Analysis: UN statements on Gaza op show balance

Declaring IAF strikes "war crimes" a complex issue and depend on closeness of sites to military targets.

An Israeli air strike in the Gaza Strip 370 (R) (photo credit: Suhaib Salem / Reuters)
An Israeli air strike in the Gaza Strip 370 (R)
(photo credit: Suhaib Salem / Reuters)
Nobody expects UN statements about Israel and international law during a conflict to be complimentary.
But so far the statements, with some exceptions, have been surprisingly balanced and have not created any new legal problems for Israel.
Rupert Colville, spokesman for Navi Pillay, the UN High Commissioner for Human Rights, refrained on Tuesday from condemning Israel for violating international law, while raising questions about its compliance. Colville started by reminding Israel to take precautions and all possible measures to avoid hitting civilians and civilian property.
Next, Colville cited UN statistics that 57 Palestinian civilians have been killed and 31 residences as well as schools, religious sites and two media buildings have been damaged.
In the past, one would expect a clear condemnation that these Israeli actions, according to the UN, had violated international law.
But Colville’s next statement continued: “As to whether these would be war crimes, that would depend very much on the circumstances of each individual episode as to whether there was a valid [military] target nearby or not, but that’s a very complex issue.”

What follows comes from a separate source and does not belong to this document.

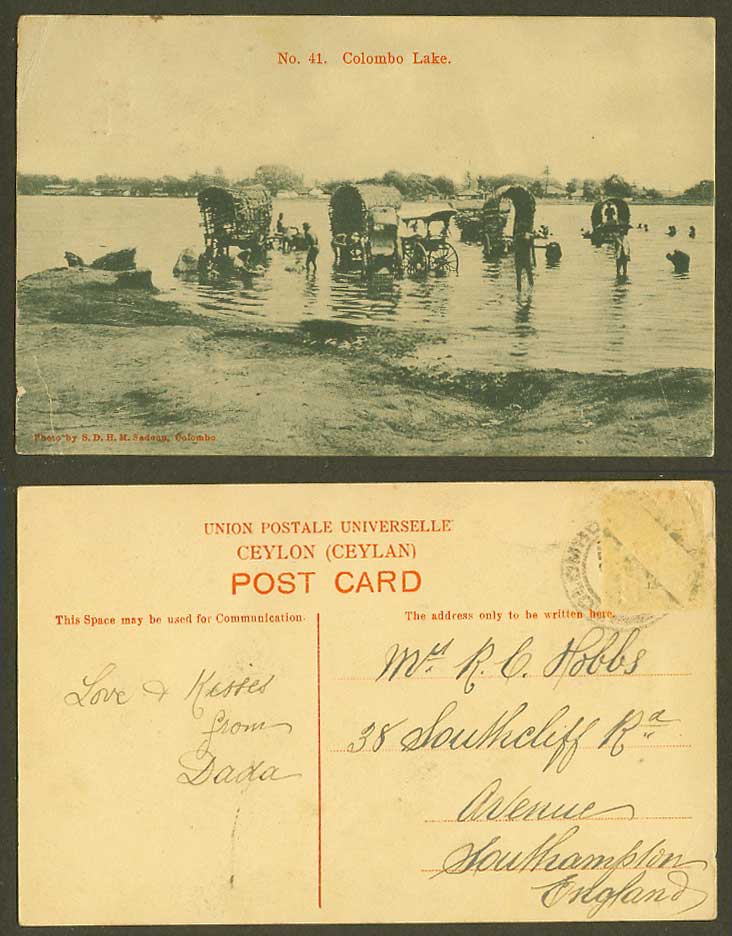 Ceylon Old Postcard Colombo Lake Bullock Carts Native Coolies Bathers Bathing 41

In one sentence, Colville adopted Israel’s main legal talking points, which arose particularly during the legal battles that ensued after Operation Cast Lead in 2009.

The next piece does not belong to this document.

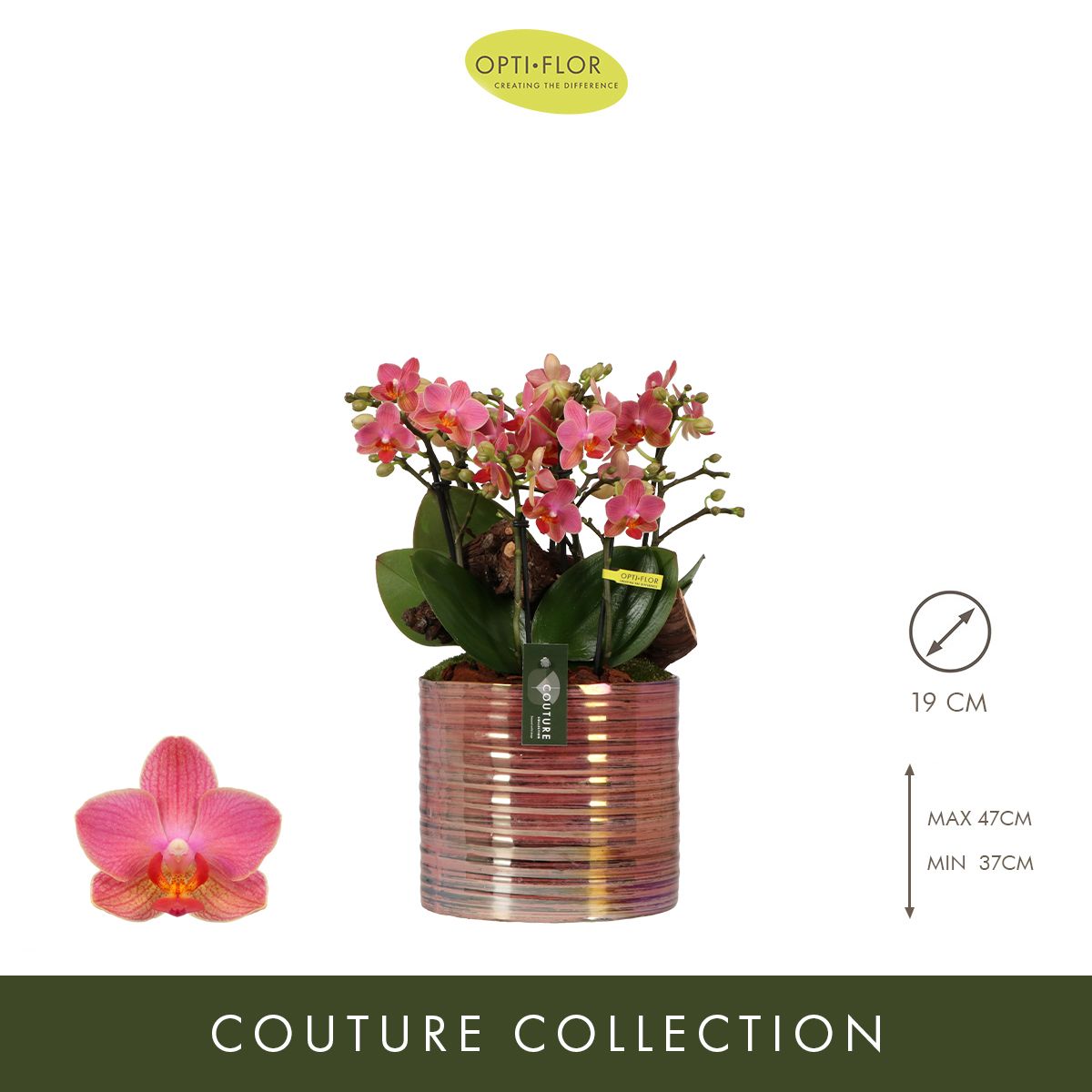 N°54 Boquetto Charme, D 19 cm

Those points are that when analyzing a controversial legal war-related issue, the conclusion must depend on the circumstances of each individual episode, the presence of a valid military target and that the analysis is complex.
Analyzing each attack separately with the understanding that if there was a military target nearby, the strike won’t be declared illegal, is a legal battle that Israel can win.

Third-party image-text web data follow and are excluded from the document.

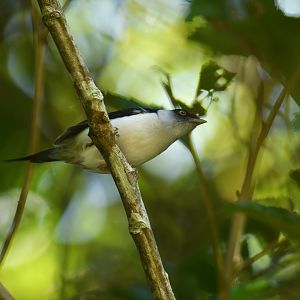 Pin-tailed Manakin Ilicura militaris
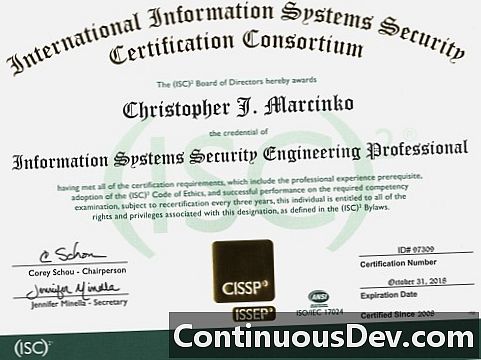 Informācijas sistēmu drošības inženierijas profesionālis (ISSEP)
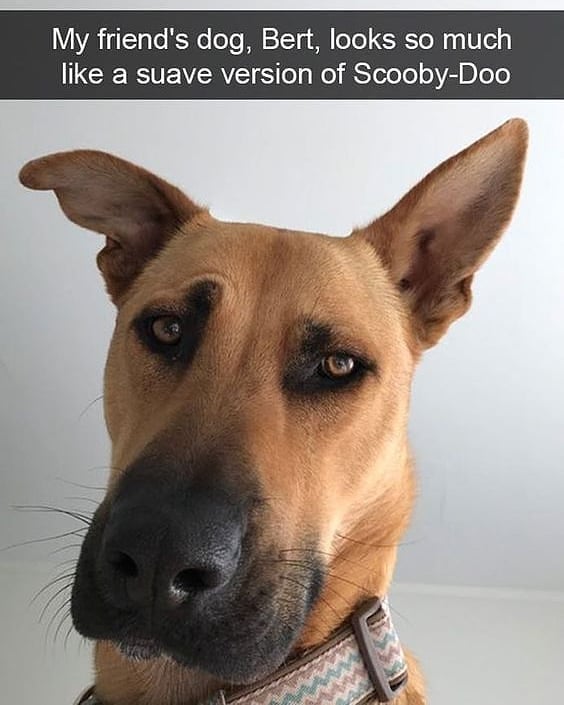 dog that looks like scooby doo - My friend's dog, Bert, looks so much a suave version of ScoobyDoo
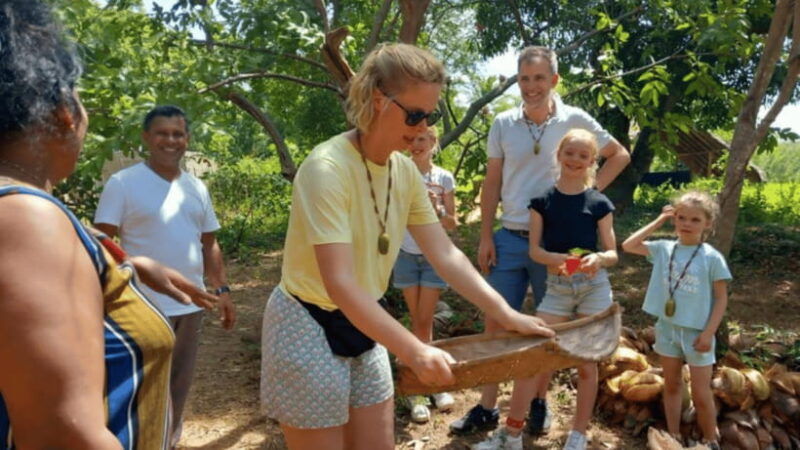 sigiriya-lion-rock-minneriya-national-park-elephant-safari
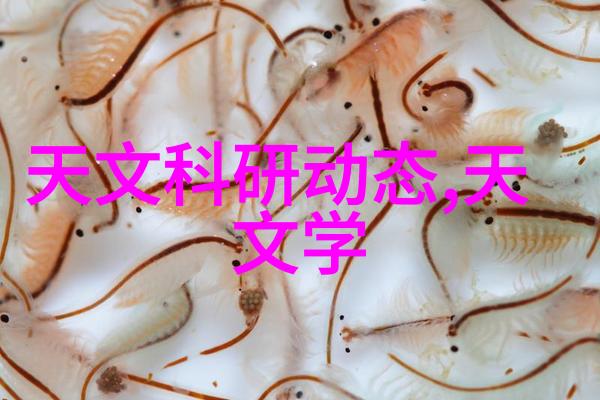 干燥设备厂沙漠中的绿洲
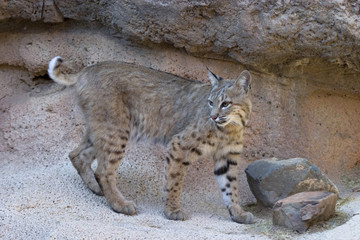 Fototapeta premium Bobcat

Colville’s acknowledgment that one can’t make across-the-board general statements about war crimes just because civilians have died and civilian property damaged was also important, recognizing that analyzing each attack in the foggy circumstances of war is a complex challenge that does not allow for rushing to judgment.
Israel tends to lose legal battles that are decided in the public sphere by rushed first impressions and tends to (lately) win many battles where commissions meticulously and over time review the facts on the ground.
Colville also unequivocally condemned “indiscriminate rocket attacks” against “civilians in Israel,” leaving no doubt that Hamas’s actions have no legal justification to fall back on.
Colville then noted with doubt Israel’s claim that it is doing all it can to protect civilians, saying that there are “a lot” of civilian casualties and that Jerusalem’s claim as to whether it is following the “principle of precaution” would “need further examination.”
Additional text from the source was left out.